Comment: We received comments about our proposal in paragraph (b)(1) to change the community assessment from a three-year to a five-year timeline that would align with a program's five-year grant cycle. Some commenters supported this change because it removed unnecessary burden on programs. Commenters expressed concern that communities change rapidly and that five years is not frequent enough to review community needs.
Response: We think we strike the right balance between ensuring programs regularly assess and work to meet their community needs through an annual re-evaluation of particular criteria described in paragraph (b)(2) and § 1302.20(a)(2) and reduction of undue burden through alignment of the community assessment to the five-year grant cycle.
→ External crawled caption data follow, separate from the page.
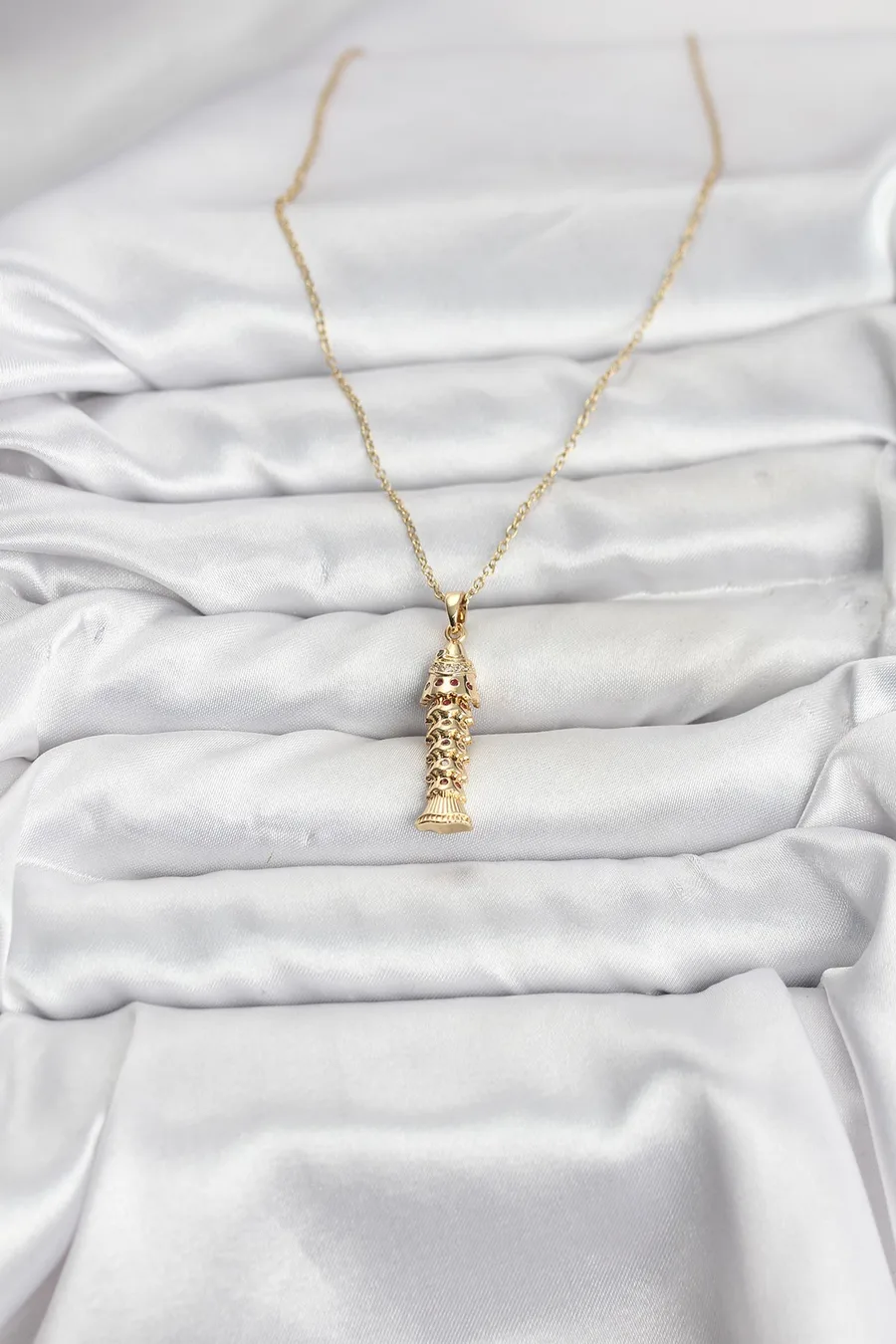 316L Steel Chain Gold Color Fish Model Zircon Stone Women's Necklace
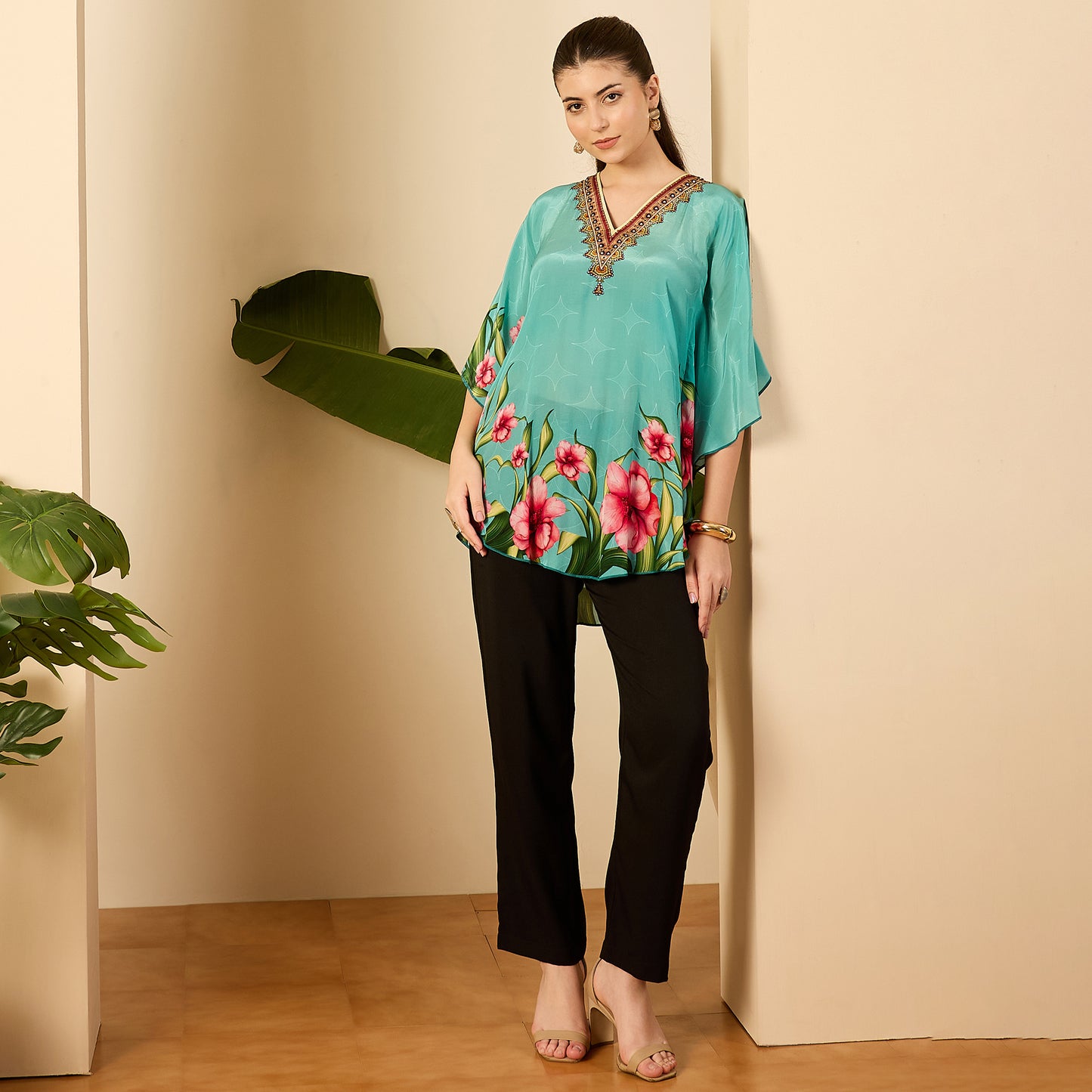 Sky Blue Floral Printed Tunic
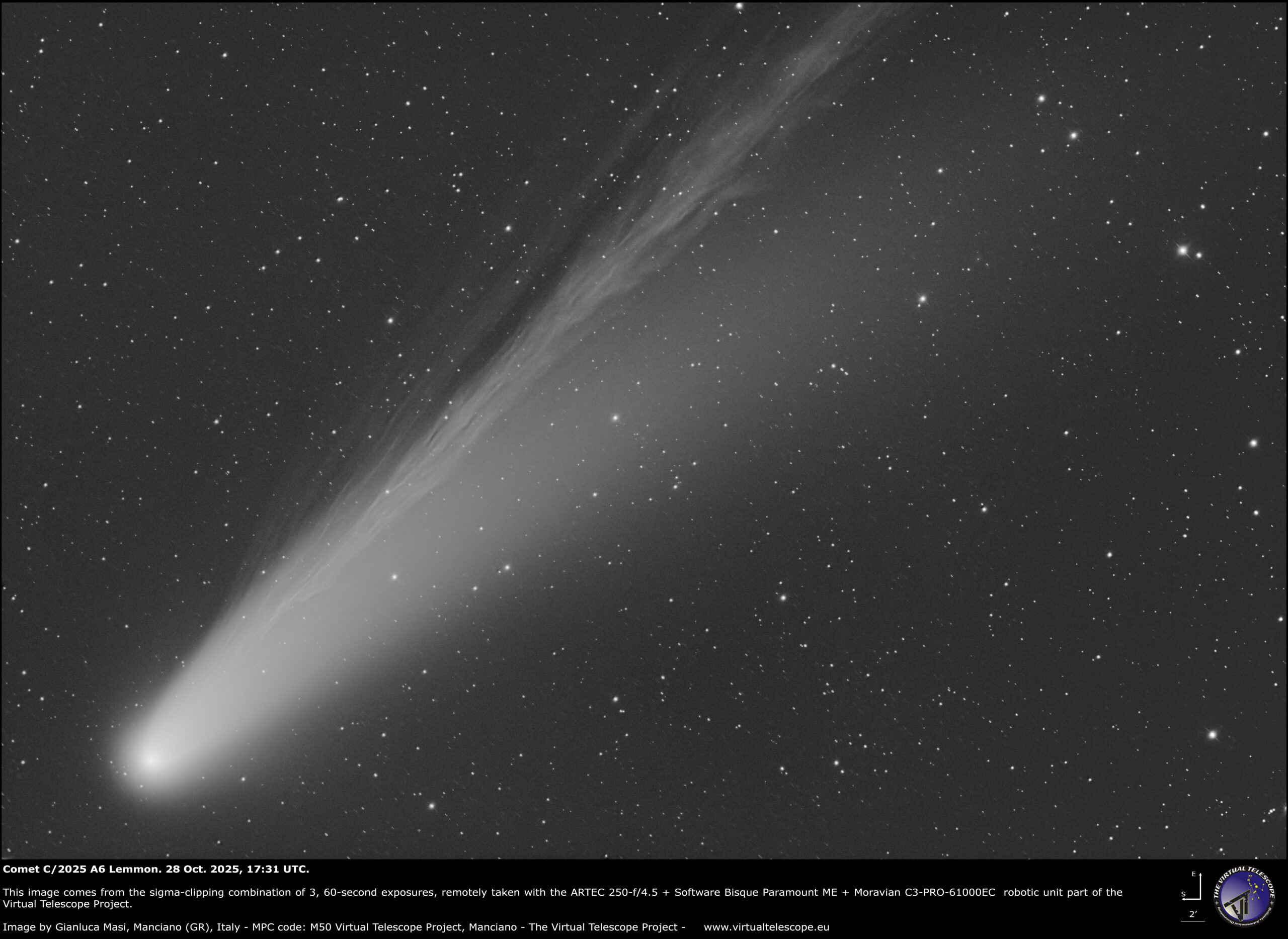 Comet C/2025 A6 Lemmon: detail of the ion tail. 28 Oct. 2025.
We made no revisions to this timeline.
Comment: Many commenters recommended we change the requirement in paragraph (b)(2) that programs must annually review and update the community assessment to reflect any significant changes to the availability of publicly-funded full-day pre-kindergarten. These commenters expressed concern that public pre-kindergarten programs may not meet the needs of at-risk families because they do not offer a full spectrum of comprehensive services. Commenters offered specific suggestions for other community demographics to be considered in the annual review.
Response: Since the requirement to conduct community assessments was changed from every three years to every five years, this provision was intended to ensure programs annually capture what may be quickly changing demographic and policy landscape characteristics in their community. Emergence or expansion of publicly funded pre-kindergarten may offer new opportunities for partnerships and collaborations or it may offer new opportunities to extend the hours children receive services. We retained the standard that programs review and update the annual assessment to reflect any increase in the availability of publicly-funded pre-kindergarten including but not limited to “full-day” programs. In addition, we clarify that this review and update should take into account whether the pre-kindergarten available meets the needs of the population of the grantee serves. We revised paragraph (b)(2) to also include significant shifts in community resources, because community demographics was too narrow.
Comment: We received some comments in support of our proposed standard in paragraph (b)(3) for programs to consider whether characteristics of the community allow them to operate classes with children from diverse economic backgrounds. These commenters noted research demonstrates participation in mixed-income classes is beneficial to children from low-income families and stated the standard would support a broader notion of innovative funding models. We also received many comments requesting additional guidance to ensure this standard did not result in fewer services for income eligible children.
Response: The intent of this requirement is for Head Start programs to consider whether it is feasible to implement a mixed-income delivery model. Research finds such models to be beneficial to the educational outcomes of children from low-income families.[40 41] However, we revised this paragraph to clarify programs must not enroll children from diverse economic backgrounds if it would result in them serving less than their eligible funded enrollment. In addition, to both support consideration of innovative funding models and clarify our intent that children funded through other sources must not receive services instead of children eligible for Head Start, we revised paragraph (b)(3), and §§ 1302.15(d) and 1302.18(b)(2).
Section 1302.12 Determining, Verifying, and Documenting Eligibility
This section includes the process for programs to determine, verify, and document child and family eligibility for Head Start programs. We reorganized these requirements to clarify and better reflect best practices in the field. We also made technical and structural changes to standards that caused confusion in the field after publication in February 2015 of the final rule on eligibility, to eliminate duplication, and to update terms such as replacing “land-base” with “service area.”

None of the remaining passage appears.